The findings revealed significant increases in 28 states with available data for pregnant women with a pattern of opioid use, the agency reports.
The CDC says opioid overuse during pregnancy has been linked to negative health outcomes for mothers and their babies, including maternal death, preterm birth, stillbirth and neonatal abstinence syndrome.
[post_ads]"These findings illustrate the devastating impact of the opioid epidemic on families across the U.S., including on the very youngest," Dr. Robert R. Redfield, the CDC director, said in a press release. "Untreated opioid use disorder during pregnancy can lead to heartbreaking results. Each case represents a mother, a child, and a family in need of continued treatment and support."

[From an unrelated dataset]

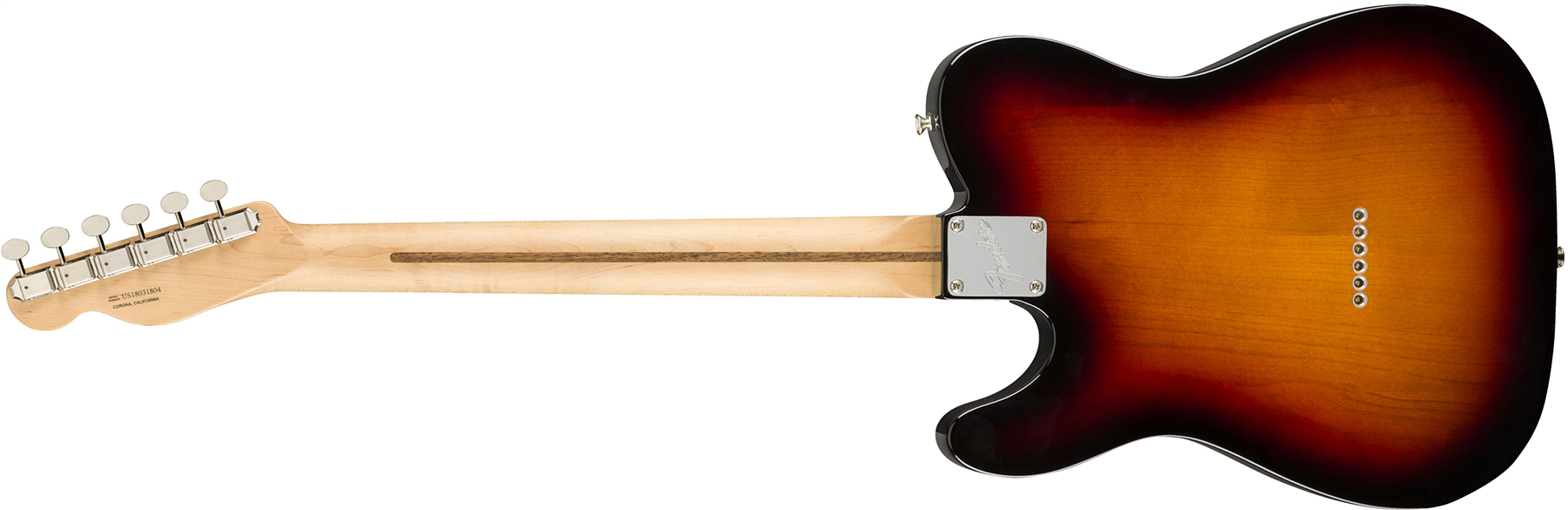 Fender Tele American Performer Hum Usa Sh Mn - 3-color Sunburst - Tel shape electric guitar - Variation 1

The national prevalence rate of OUD increased 333 percent -- from 1.5 per 1,000 delivery hospitalizations in 1999 to 6.5 in 2014, according to data from the Agency for Healthcare Research and Quality's Healthcare Cost and Utilization Project. It grew by 0.39 cases per 1,000 each year.

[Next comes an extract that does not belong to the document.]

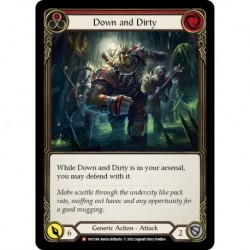 VO - Down and Dirty - Flesh And Blood TCG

OUD rates ranged from the lowest in District of Columbia at 0.7 cases per 1,000 hospital births and Nebraska at 1.2 to the highest in West Virginia at 32.1 and Vermont at 48.6. State and D.C. data available each year ranged from 14 states in 1999 to 28 in 2011.
The largest annual average increase was 5.37 in Vermont followed by Maine at 4.3, West Virginia at 2.83, New Mexico at 2.47 and Kentucky at 1.33. All other states were less than 1 percent.
"Even in states with the smallest annual increases, more and more women are presenting with opioid use disorder at labor and delivery," said Dr. Wanda Barfield, a rear admiral in the U.S. Public Health Service. "These state-level data can provide a solid foundation for developing and tailoring prevention and treatment efforts."